There are some concrete buildings constructed almost exclusively out of in situ concrete. One exemplary building is Chapelle Notre Dame du Haut (Le Corbusier, France, 1950); Le Corbusier used a combination of both board-formed and Shotcrete (or Gunite). Both techniques yield drastically different finish textures, provide contrast between the roof and walls, and allow for highly irregular building forms. Shotcrete is the standard for pool construction, as it requires little formwork. Cement, sand and water are mixed continuously and sprayed onto a one-sided mold. This technique was used by Le Corbusier for both the walls and the roof. The walls were sprayed onto metal lath, creating an imperfect sprayed texture that collects the sunlight that streams through the wall and enhances its mystical nature. Roof construction involved spraying the Gunite against a curved board-formed mold. When the rough-sawn and knotted boards were removed, their natural texture left imprints on the concrete finish – preserved indefinitely.

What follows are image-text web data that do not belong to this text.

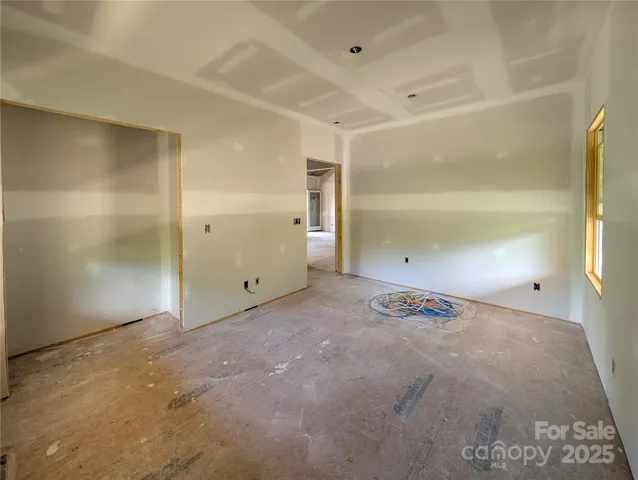 a view of a room with an empty space
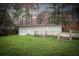 Exterior view of a home with a deck and a large grass backyard at 3893 Bonnie Se Ln, Atlanta, GA 30354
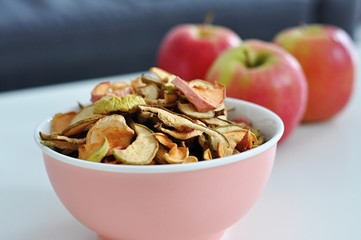bowl of sun dried apple chips and fresh apples in the background, homemade healthy snack - 191789450
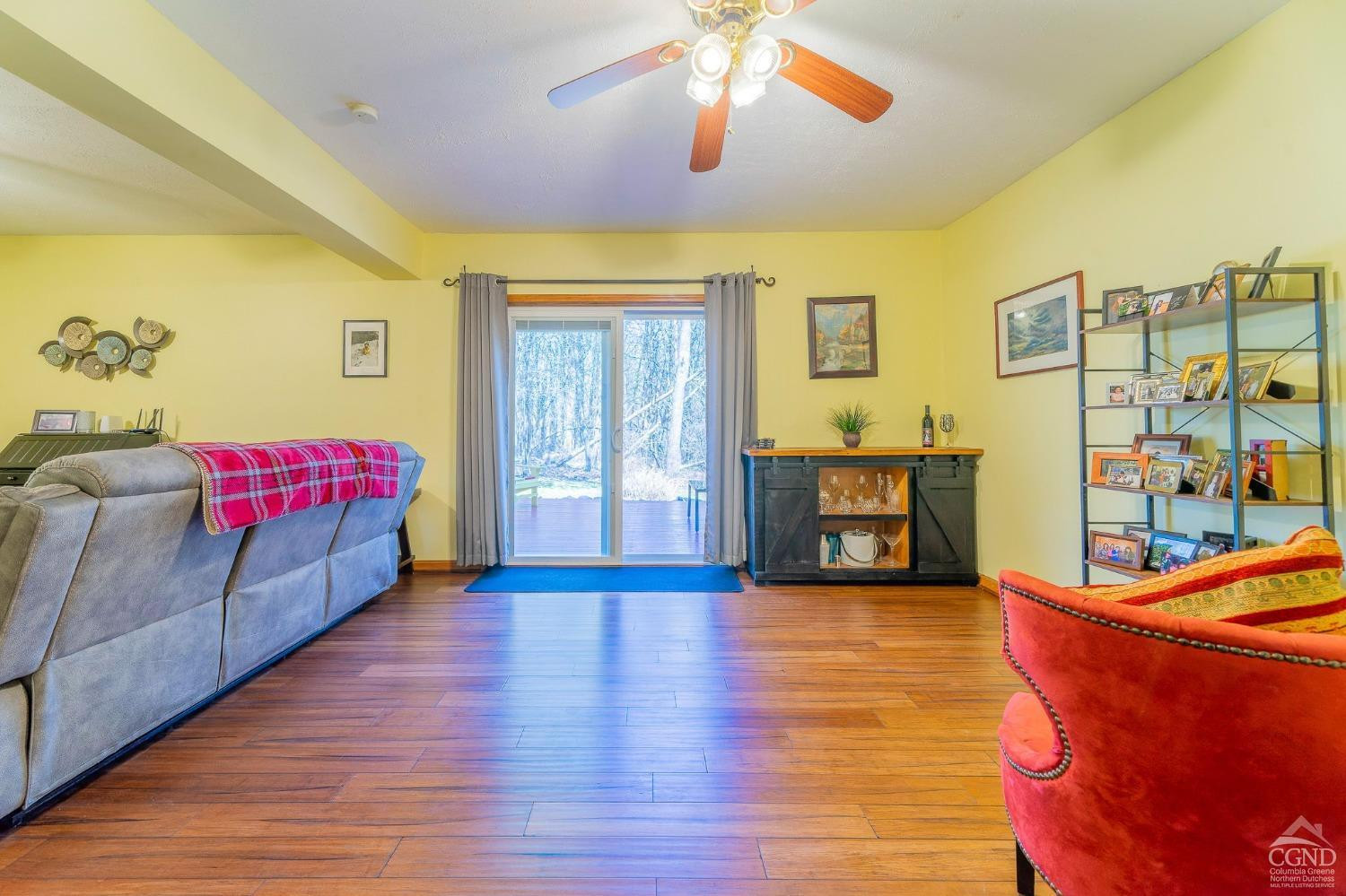 1831 Sleepy Hollow Road, Unit VV50 Athens, NY 12015 - Photo 36 of 42 a living room with furniture and a wooden floor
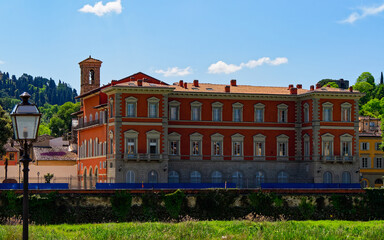 A red and white building with classical architecture,  arched windows and pilasters, situated alongside a grassy area. Its location is alongside the Lungarno, near the Arno River in Florence, Italy.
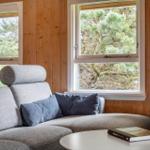 Graue Couch mit Kissen vor Holzwänden und Fenstern mit Blick auf Bäume.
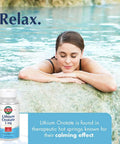 Lithium Orotate Mood Support Supplement bottle in front of woman relaxing in hot spring, promoting calm vibes and mood stability.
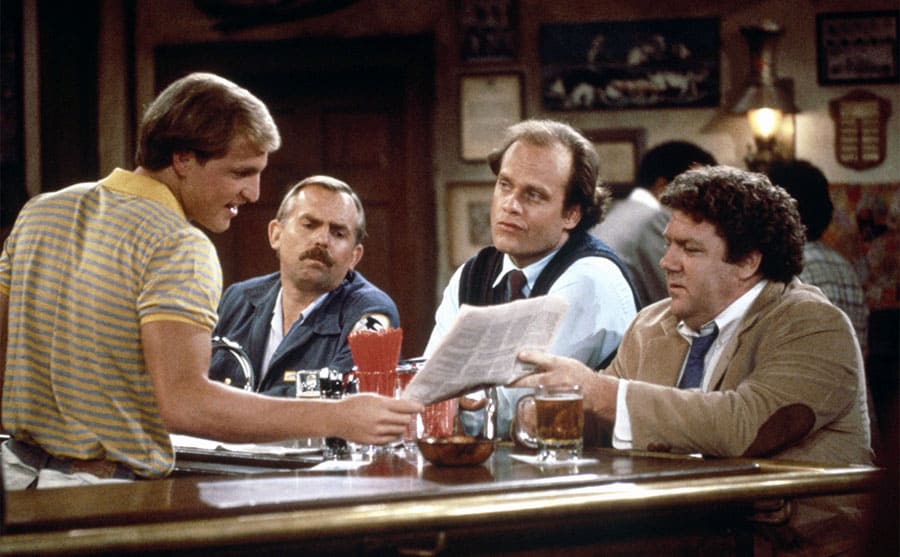 Woody Harrelson, John Ratzenberger, Kelsey Grammer, and George Wendt sitting at the bar in a scene from Cheers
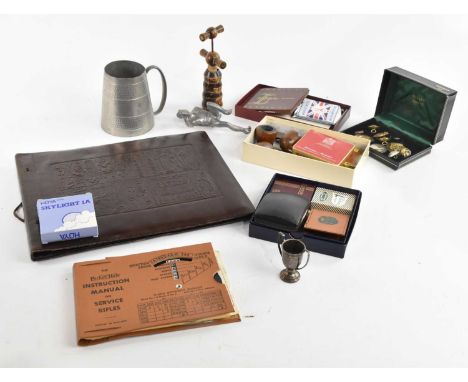 An assortment of collectors' items including Ronson lighters, Parker-Hale instruction manual, various pipes, military badges,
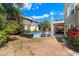 Spacious backyard with a sparkling pool, seating area, lush greenery, and a well-maintained lawn at 15034 S 44Th Pl, Phoenix, AZ 85044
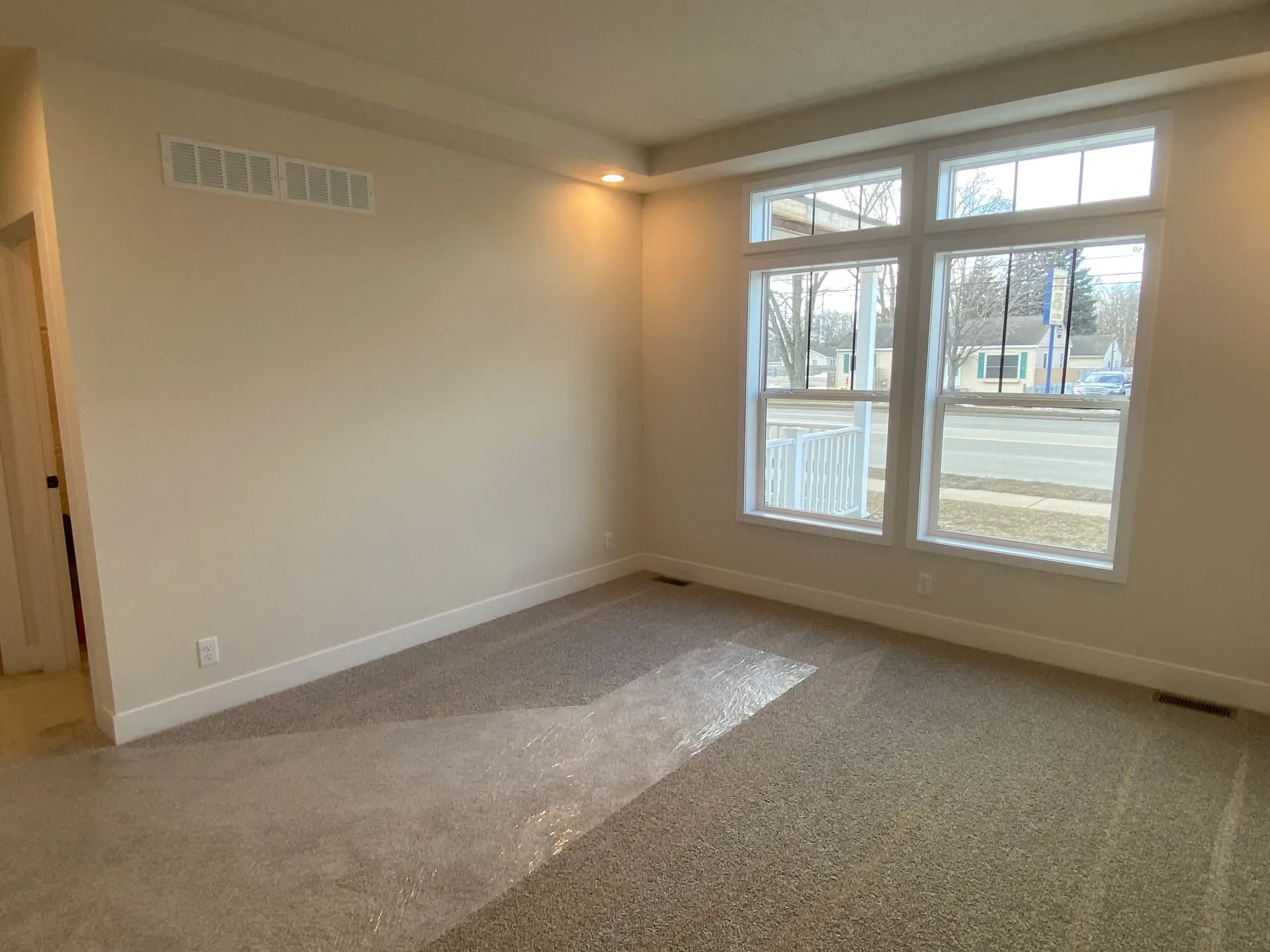Bright, empty room with beige walls and carpet, large window overlooking a street and houses. Natural light creates a calm, inviting atmosphere.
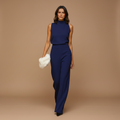 woman wearing halter neck wide leg jumpsuit with sleeveless design shown in full front view outfit
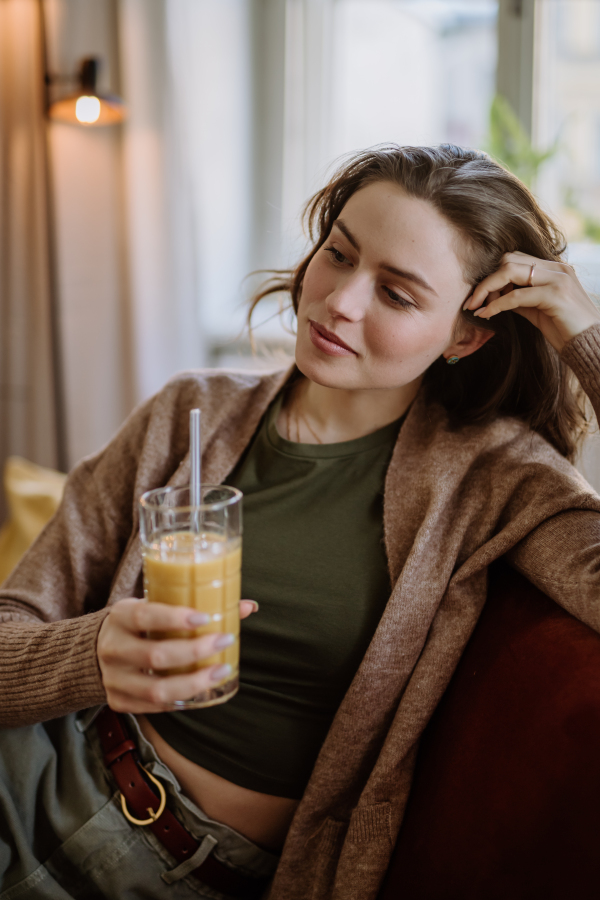 Young woman sitting on sofa with a drink.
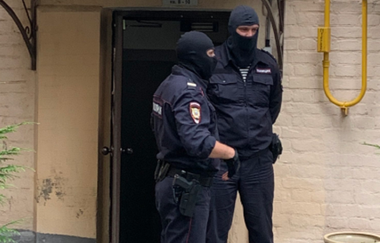 Val de percheziţii în Rusia vizând critici ai Kremlinului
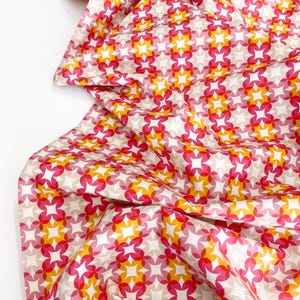 May include: A white fabric with a repeating pattern of pink, orange, and yellow overlapping circles forming star shapes.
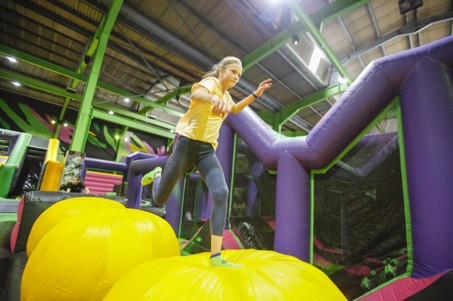 A child attempting to cross the Wipeout course at Flip Out UK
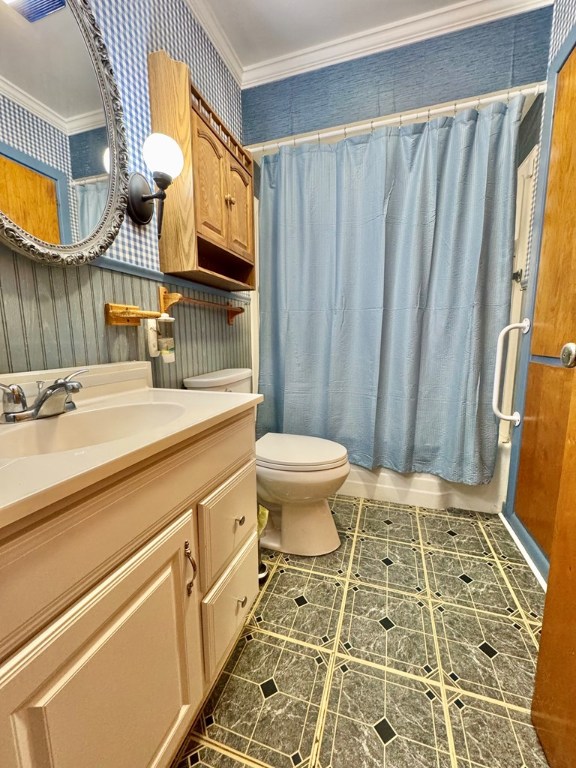 full bathroom featuring toilet, vanity, shower / tub combo with curtain, and ornamental molding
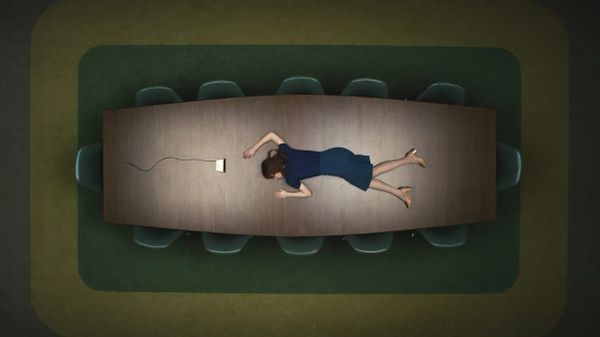 A woman in blue skirt and sweater lies, apparently asleep, on a conference room table. An intercom rests at her head. The chairs around the table a very neatly aligned and completely empty.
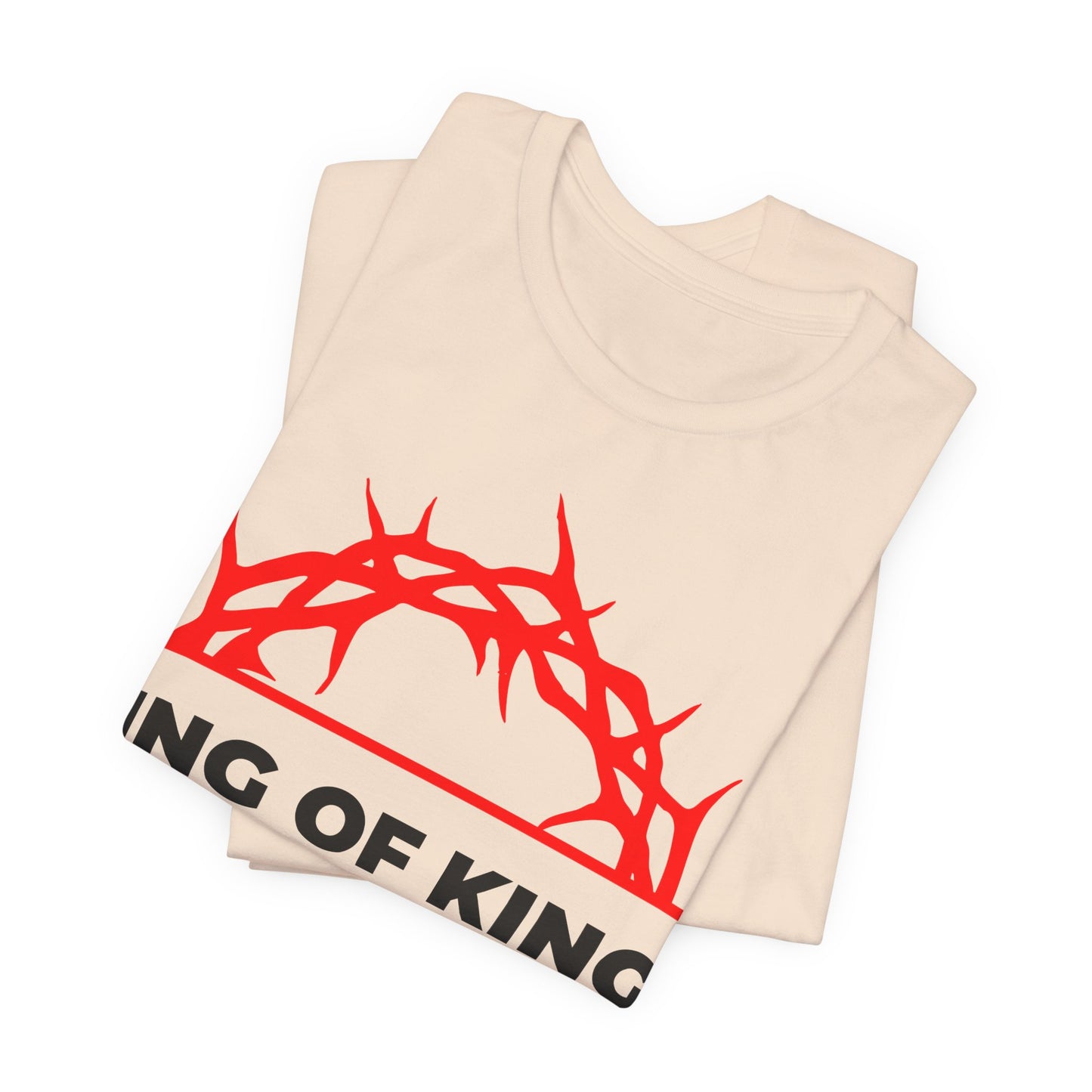 The King of Kings Crown of Thorns unisex tee features a red crown of thorns graphic and partial text KING OF KING, inspired by Revelation 19:16 where Christ is King—Orthodox Christian cotton shirt.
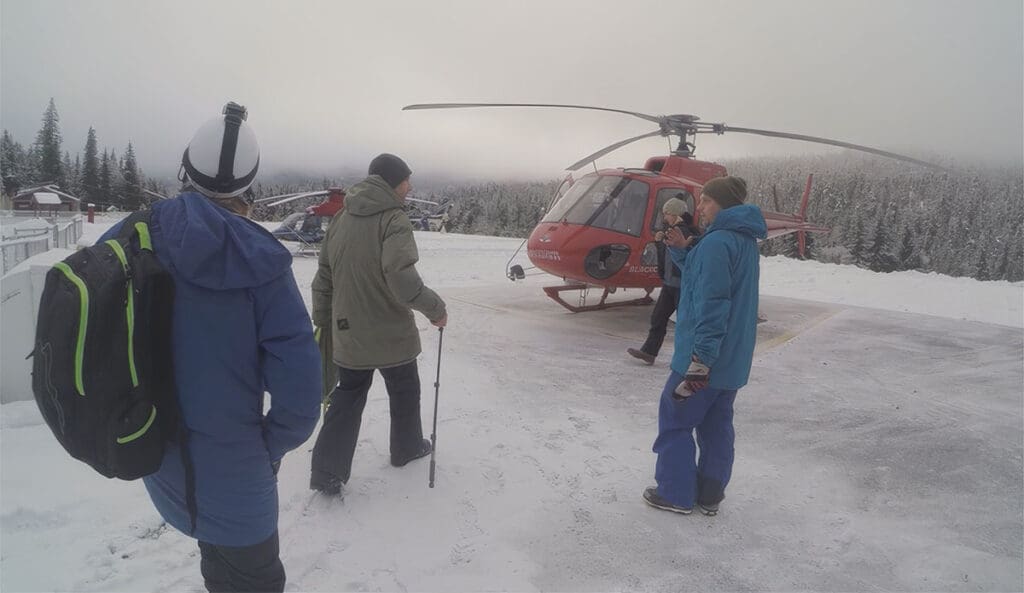 a group of snowboarders head to a helicopter to go heliboarding in whistler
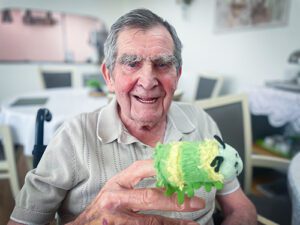 A Luton care home resident with a green stripey finger puppet on his finger, which he used during games with the children.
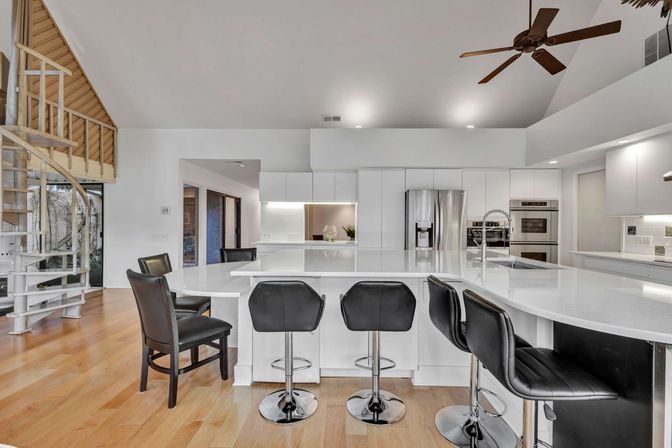 Bright open-concept modern kitchen with large white quartz island, five black leather bar stools, stainless steel appliances and double oven, hardwood floors, spiral staircase and ceiling fan.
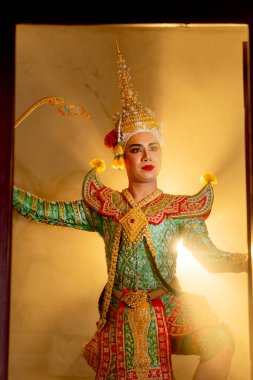 Khon maskeli bir adamın dikey görüntüsü İlah olarak ayakta duruyor ve arka planda ışık huzmesi olan eski binanın kapısının önünde performans eylemi var..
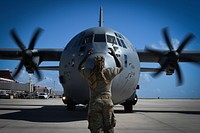 U.S. Air Force Staff Sgt. De'Angelo Sidney, an aerial port specialist with the 36th Contingency Response Group, marshals a C-130J Super Hercules at the Saipan International Airport, Saipan, Commonwealth of the Northern Mariana Islands, Nov. 28, 2018.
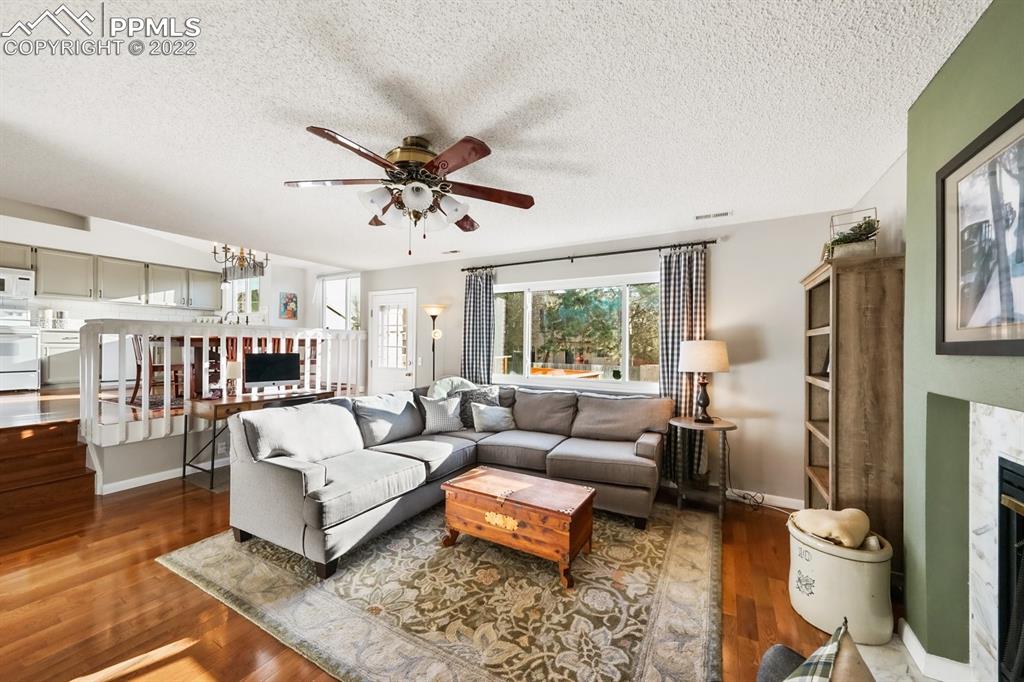 5145 Slickrock Drive Colorado Springs, CO 80923 - Photo 15 of 33 a living room with furniture and a large window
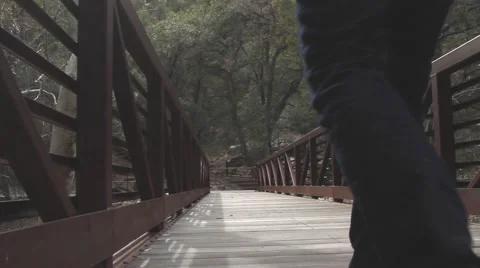Hikers Crossing a Bridge Stock Footage 48017240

Eero Saarinen employed similar techniques of board-formed concrete in his TWA Terminal (New York, 1962) and Ingalls Rink (Yale University, 1953). In both these buildings, Saarinen sought to capture the atmosphere of the experiences which the buildings housed. In the case of the TWA Terminal, he sought to capture the thrill of flying, while at the Ingalls Rink he sought to capture the excitement of the sport of hockey. To achieve his goal of creating exciting new forms, Saarinen employed the prowess of engineer Abba Tor who shaped the structural members and shells for the buildings. To construct the complex geometries of the buildings, they employed the technique of board forming – constructing the forms first of wood and then either spraying (TWA) or pouring (Ingalls) to create load bearing and spanning structures of concrete. In both cases, the concrete was left unfinished without any sort of plaster covering the ‘imperfections’ created by the construction process. In the case of the TWA Terminal, the complexity of creating the formwork for a doubly curved surface is exposed to this day. This construction technique is a testament to the planning and precision craftsmanship involved in its realization.